[PROMPT]
After finding the line with "a black chair" in the data below, set down exactly each line through the one with "Gros plan sur", inclusive, and stop there.

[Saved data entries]
==============================

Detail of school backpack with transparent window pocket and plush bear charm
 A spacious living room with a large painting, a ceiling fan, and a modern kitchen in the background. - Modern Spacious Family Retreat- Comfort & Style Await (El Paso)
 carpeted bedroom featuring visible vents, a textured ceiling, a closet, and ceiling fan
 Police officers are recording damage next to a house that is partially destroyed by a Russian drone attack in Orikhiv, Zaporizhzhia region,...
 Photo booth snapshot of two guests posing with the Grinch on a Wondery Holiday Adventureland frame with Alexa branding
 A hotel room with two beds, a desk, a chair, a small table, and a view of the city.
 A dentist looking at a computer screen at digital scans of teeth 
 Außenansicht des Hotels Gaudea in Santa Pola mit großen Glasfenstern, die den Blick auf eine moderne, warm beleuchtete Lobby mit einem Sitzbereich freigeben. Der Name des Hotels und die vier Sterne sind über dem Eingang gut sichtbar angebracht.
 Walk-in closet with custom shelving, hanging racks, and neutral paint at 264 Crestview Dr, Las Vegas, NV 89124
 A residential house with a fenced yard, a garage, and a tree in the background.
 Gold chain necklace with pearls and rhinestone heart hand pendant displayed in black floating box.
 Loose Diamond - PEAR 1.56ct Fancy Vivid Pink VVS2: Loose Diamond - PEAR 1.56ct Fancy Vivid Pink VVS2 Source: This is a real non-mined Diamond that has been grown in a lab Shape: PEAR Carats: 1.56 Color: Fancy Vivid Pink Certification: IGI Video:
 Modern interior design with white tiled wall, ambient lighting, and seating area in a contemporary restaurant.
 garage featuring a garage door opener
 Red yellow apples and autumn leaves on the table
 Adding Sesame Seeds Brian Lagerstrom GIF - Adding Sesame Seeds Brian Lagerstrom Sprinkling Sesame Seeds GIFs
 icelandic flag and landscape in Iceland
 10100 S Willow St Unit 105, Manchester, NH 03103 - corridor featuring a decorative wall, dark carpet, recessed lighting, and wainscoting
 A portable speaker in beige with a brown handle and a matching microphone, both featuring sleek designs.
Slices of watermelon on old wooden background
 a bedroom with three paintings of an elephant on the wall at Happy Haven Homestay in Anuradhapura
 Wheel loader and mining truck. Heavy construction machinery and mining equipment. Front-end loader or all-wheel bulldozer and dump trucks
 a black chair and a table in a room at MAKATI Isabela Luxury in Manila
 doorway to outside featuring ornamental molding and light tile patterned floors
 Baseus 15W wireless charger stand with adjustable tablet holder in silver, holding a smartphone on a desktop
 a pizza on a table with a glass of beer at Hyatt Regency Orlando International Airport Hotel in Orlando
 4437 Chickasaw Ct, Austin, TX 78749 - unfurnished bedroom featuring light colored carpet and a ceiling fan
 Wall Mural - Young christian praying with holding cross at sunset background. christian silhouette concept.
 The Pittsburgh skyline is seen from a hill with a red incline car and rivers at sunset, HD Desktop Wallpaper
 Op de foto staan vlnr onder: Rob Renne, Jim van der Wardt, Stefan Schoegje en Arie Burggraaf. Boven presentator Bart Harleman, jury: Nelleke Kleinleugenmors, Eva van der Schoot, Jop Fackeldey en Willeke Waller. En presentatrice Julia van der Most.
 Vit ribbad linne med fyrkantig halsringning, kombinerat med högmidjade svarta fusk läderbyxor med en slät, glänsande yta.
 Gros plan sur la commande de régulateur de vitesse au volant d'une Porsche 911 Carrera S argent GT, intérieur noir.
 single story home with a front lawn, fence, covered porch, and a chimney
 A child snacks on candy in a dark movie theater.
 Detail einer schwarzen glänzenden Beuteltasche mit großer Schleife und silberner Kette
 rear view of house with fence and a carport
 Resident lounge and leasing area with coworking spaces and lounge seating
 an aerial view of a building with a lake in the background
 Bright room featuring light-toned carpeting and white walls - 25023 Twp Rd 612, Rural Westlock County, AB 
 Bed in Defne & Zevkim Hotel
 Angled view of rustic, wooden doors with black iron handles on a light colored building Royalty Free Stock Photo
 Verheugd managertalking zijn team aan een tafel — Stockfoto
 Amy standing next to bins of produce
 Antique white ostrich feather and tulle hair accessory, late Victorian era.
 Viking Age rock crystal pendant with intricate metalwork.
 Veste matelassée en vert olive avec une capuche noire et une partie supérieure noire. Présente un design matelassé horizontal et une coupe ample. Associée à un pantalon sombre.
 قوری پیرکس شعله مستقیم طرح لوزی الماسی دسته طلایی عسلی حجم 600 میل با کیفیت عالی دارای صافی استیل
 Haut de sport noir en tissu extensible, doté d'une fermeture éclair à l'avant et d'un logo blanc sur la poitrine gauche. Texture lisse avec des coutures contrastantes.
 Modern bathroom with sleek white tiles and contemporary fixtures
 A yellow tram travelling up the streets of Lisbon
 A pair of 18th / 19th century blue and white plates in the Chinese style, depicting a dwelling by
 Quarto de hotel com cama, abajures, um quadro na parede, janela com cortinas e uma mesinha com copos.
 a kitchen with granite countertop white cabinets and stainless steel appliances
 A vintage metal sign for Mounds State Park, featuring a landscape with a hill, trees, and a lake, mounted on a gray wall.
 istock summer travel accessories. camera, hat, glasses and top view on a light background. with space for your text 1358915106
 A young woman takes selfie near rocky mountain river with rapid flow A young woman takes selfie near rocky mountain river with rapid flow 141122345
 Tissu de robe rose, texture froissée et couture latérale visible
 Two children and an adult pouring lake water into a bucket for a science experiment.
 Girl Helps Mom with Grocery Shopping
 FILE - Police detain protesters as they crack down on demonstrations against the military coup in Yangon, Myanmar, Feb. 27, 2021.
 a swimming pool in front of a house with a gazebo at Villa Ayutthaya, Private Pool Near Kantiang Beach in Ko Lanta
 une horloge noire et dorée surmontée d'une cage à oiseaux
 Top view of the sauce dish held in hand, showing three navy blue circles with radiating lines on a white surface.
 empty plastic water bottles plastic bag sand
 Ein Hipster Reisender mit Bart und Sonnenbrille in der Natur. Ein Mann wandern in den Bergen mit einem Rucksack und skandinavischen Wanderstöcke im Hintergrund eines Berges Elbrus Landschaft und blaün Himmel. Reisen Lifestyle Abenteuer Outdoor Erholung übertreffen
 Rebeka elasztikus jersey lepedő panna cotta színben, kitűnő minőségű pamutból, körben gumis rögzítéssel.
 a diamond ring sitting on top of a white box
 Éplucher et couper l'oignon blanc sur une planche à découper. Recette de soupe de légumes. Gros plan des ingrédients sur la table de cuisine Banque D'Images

==============================

[WRITTEN RESPONSE]
 a black chair and a table in a room at MAKATI Isabela Luxury in Manila
 doorway to outside featuring ornamental molding and light tile patterned floors
 Baseus 15W wireless charger stand with adjustable tablet holder in silver, holding a smartphone on a desktop
 a pizza on a table with a glass of beer at Hyatt Regency Orlando International Airport Hotel in Orlando
 4437 Chickasaw Ct, Austin, TX 78749 - unfurnished bedroom featuring light colored carpet and a ceiling fan
 Wall Mural - Young christian praying with holding cross at sunset background. christian silhouette concept.
 The Pittsburgh skyline is seen from a hill with a red incline car and rivers at sunset, HD Desktop Wallpaper
 Op de foto staan vlnr onder: Rob Renne, Jim van der Wardt, Stefan Schoegje en Arie Burggraaf. Boven presentator Bart Harleman, jury: Nelleke Kleinleugenmors, Eva van der Schoot, Jop Fackeldey en Willeke Waller. En presentatrice Julia van der Most.
 Vit ribbad linne med fyrkantig halsringning, kombinerat med högmidjade svarta fusk läderbyxor med en slät, glänsande yta.
 Gros plan sur la commande de régulateur de vitesse au volant d'une Porsche 911 Carrera S argent GT, intérieur noir.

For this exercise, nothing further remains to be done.